Aktuell studiere ich Mathematik an der Uni, weil mich das früher sehr interessiert hat. Mittlerweile bin ich am Anfang des vierten Semesters und muss mich, mehr oder weniger, durchquälen. Nicht, weil mich der Stoff insbesondere nicht interessiert sondern, weil ich generell eine Krise habe, was den Sinn meines Lebens und meine Zukunft angeht. Wenn ich in meine Zukunft blicke (metaphorisch, weil ich Aphantasie habe), sehe ich nichts. Ich habe keine Zukunftswünsche, außer wieder Freude am Leben haben zu können. Ich möchte nicht auf der Straße landen, weil ich mir selbst nicht wichtig genug bin.

Meine Eltern tun mir auch ein wenig Leid, aber nur theoretisch, weil ich wie schon beschrieben, kaum Gefühle wahrnehme. Sie geben sich so viel Mühe, aber ich kann das, was sie mir geben einfach nicht zurückgeben.

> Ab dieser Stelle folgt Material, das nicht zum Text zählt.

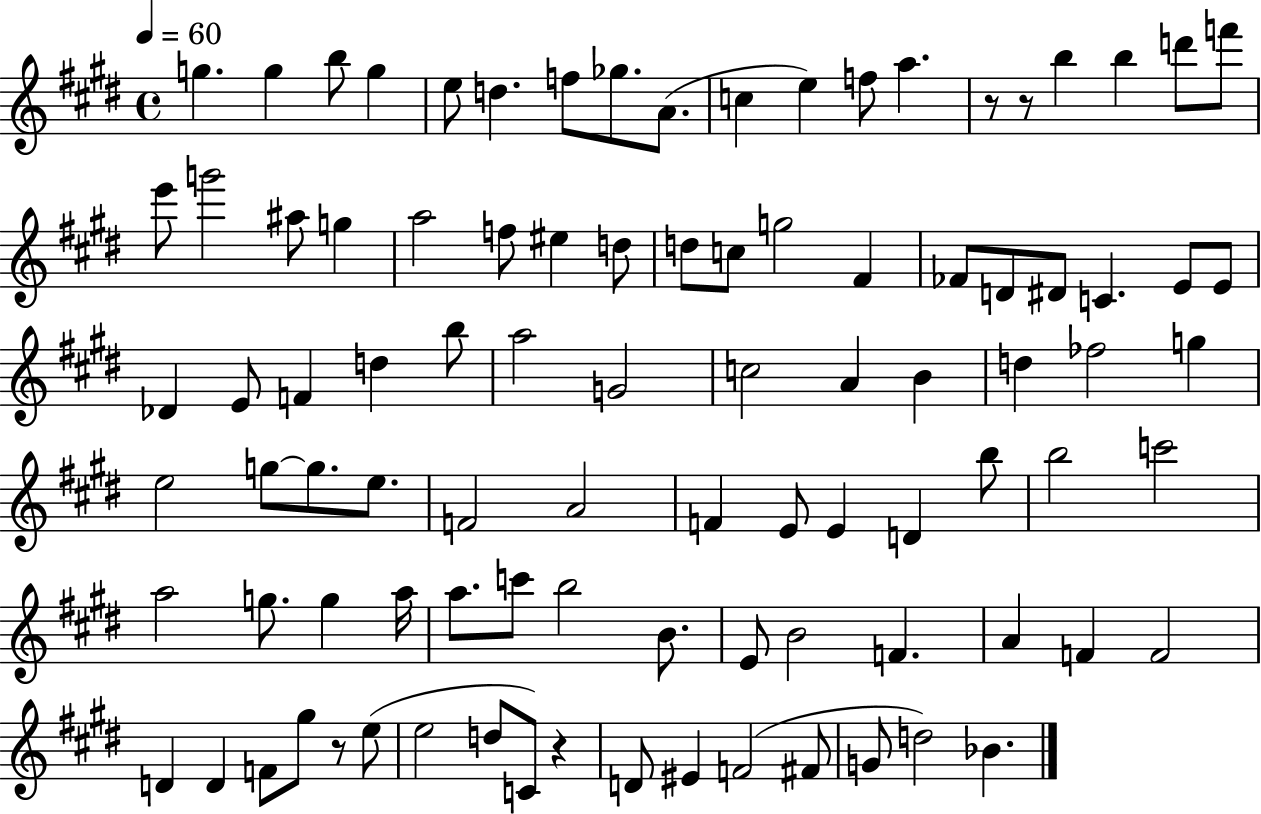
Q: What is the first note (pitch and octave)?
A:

Ich habe einen Termin mit meiner Therapeutin am Montag, wo ich das Thema ansprechen werde, weil ich endlich Gewissheit brauche. Ich weiß also nicht, ob ich SPS habe (woher soll es kommen??! klingt es für euch nach SPS?), oder größtenteils Depersonalisation für die Symptome verantwortlich ist. Falls ihr irgendeine Meinung zu meinem langen und wirren Text habt, gerne her damit und ich entschuldige mich schonmal für die miese Grammatik.

Ansonsten interessiere ich mich (oder versuche es zumindest) für Filme, Literatur und Musik. Filme gerade besonders.
Lieblingsfilme: Mulholland Drive von David Lynch, Der Spiegel von Andrei Tarkowski, Love Exposure von Sion Sono und Chungking Express von Wong Kar-Wai um nur einige zu nennen.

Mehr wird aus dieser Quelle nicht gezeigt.